**Task brief:** Copy out all of the data word for word. Omit every picture.
***** Provided material
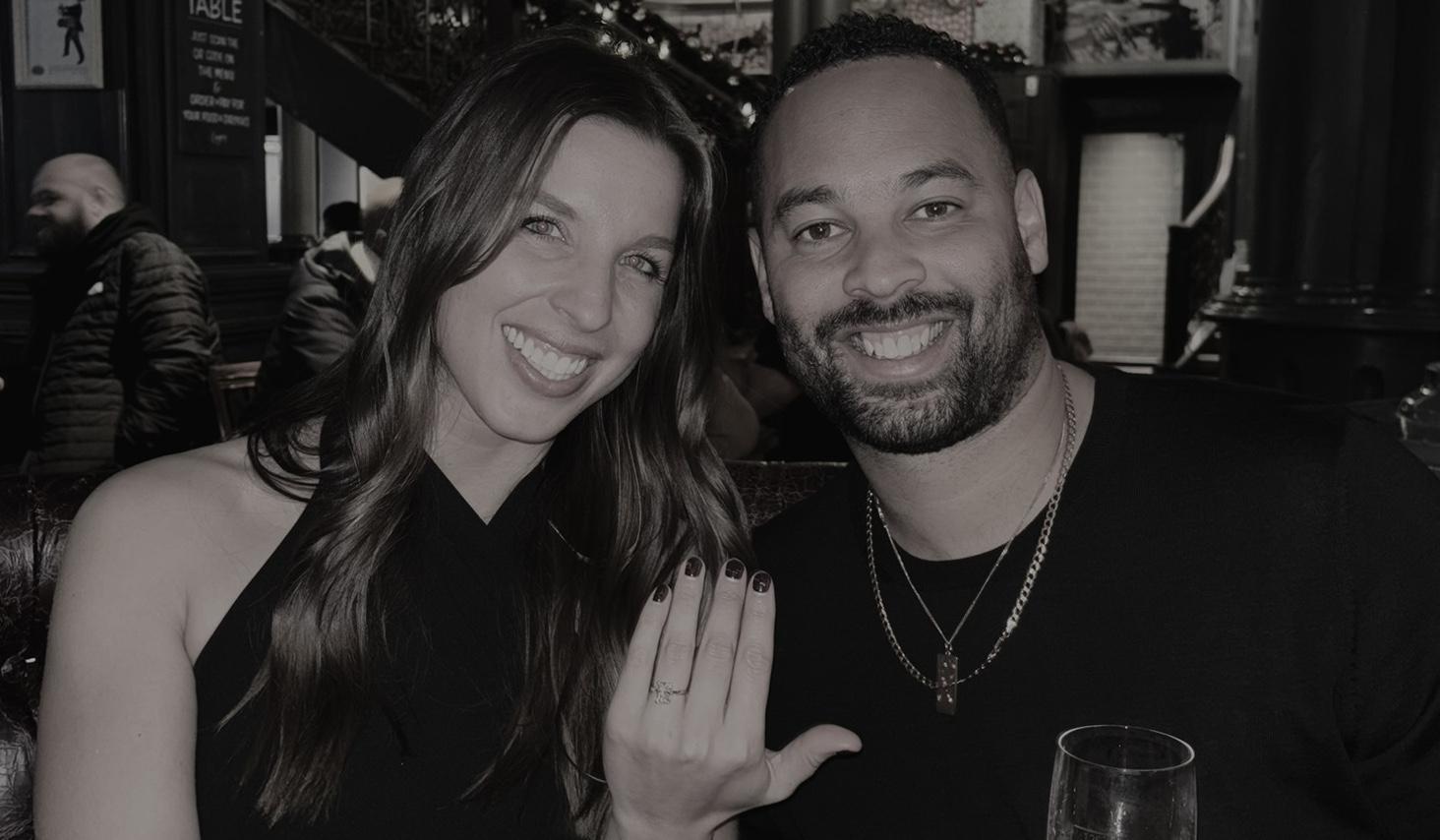 The Wedding Website of Ali Probst and Niall Angus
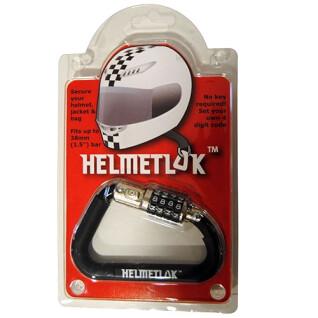 Helm anti-diefstal helm lok Chaft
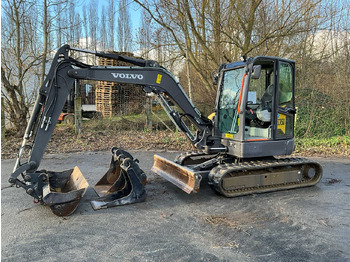 Mini excavator VOLVO ECR50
**********
**Solution:**
 The Wedding Website of Ali Probst and Niall Angus
 Helm anti-diefstal helm lok Chaft
 Mini excavator VOLVO ECR50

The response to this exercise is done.